Each line of the data is to be output verbatim, with the images removed.

(Supplied material Opens)

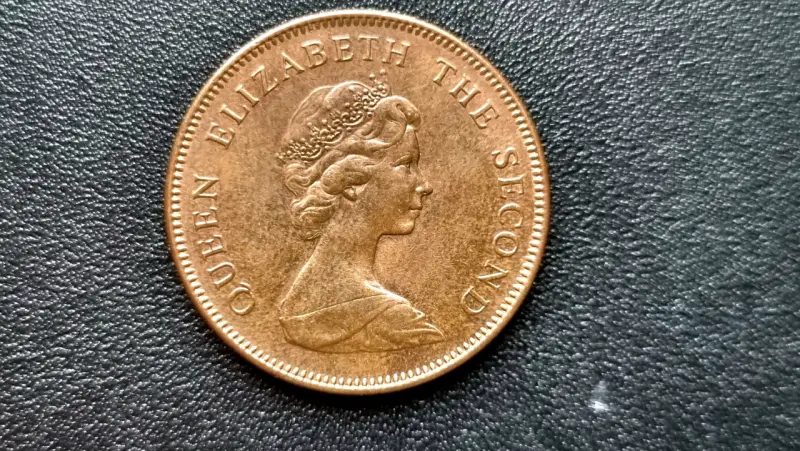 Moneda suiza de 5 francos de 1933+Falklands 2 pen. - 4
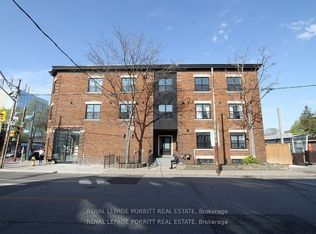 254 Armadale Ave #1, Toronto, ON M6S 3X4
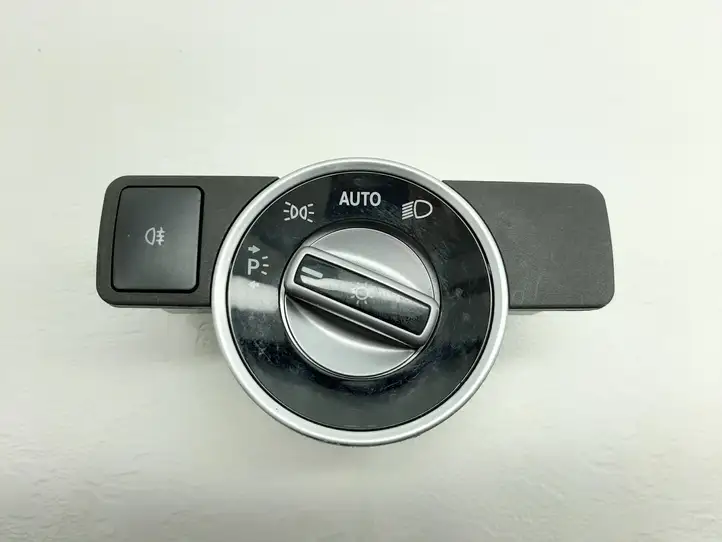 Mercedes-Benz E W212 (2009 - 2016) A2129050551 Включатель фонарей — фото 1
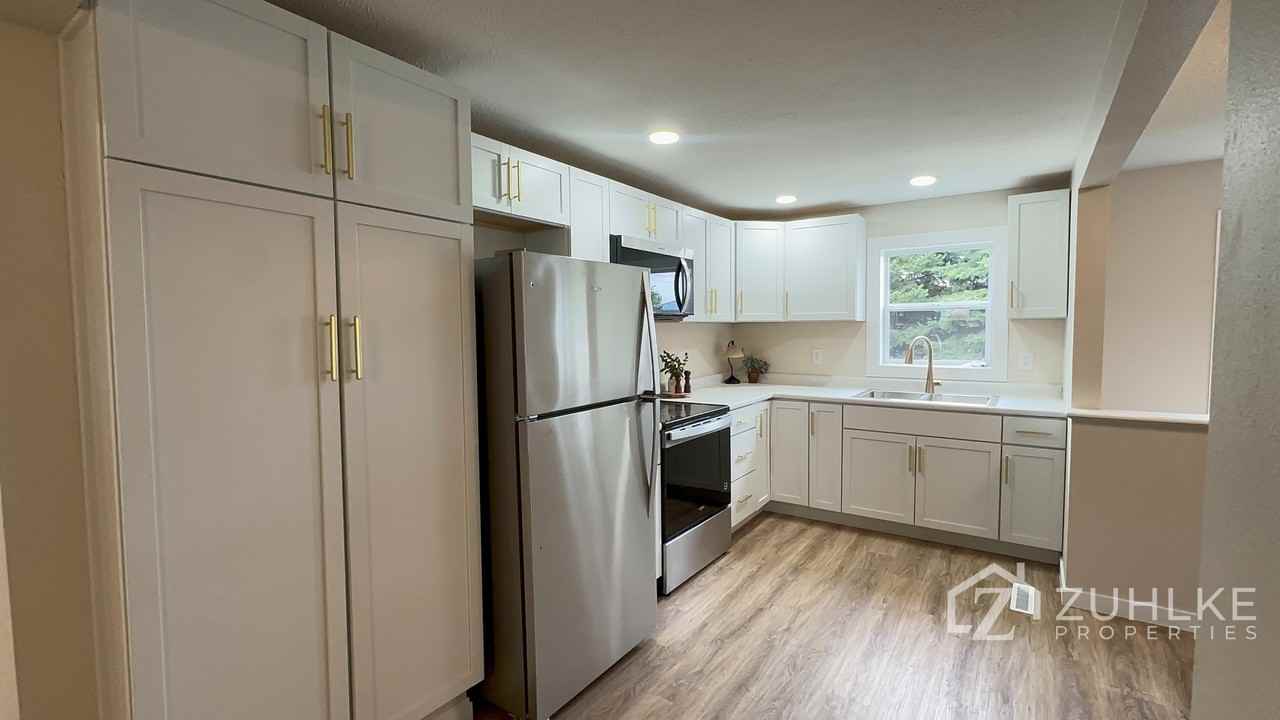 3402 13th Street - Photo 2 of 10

(Supplied material Closes)

:: Reply ::
 Moneda suiza de 5 francos de 1933+Falklands 2 pen. - 4
 254 Armadale Ave #1, Toronto, ON M6S 3X4
 Mercedes-Benz E W212 (2009 - 2016) A2129050551 Включатель фонарей — фото 1
 3402 13th Street - Photo 2 of 10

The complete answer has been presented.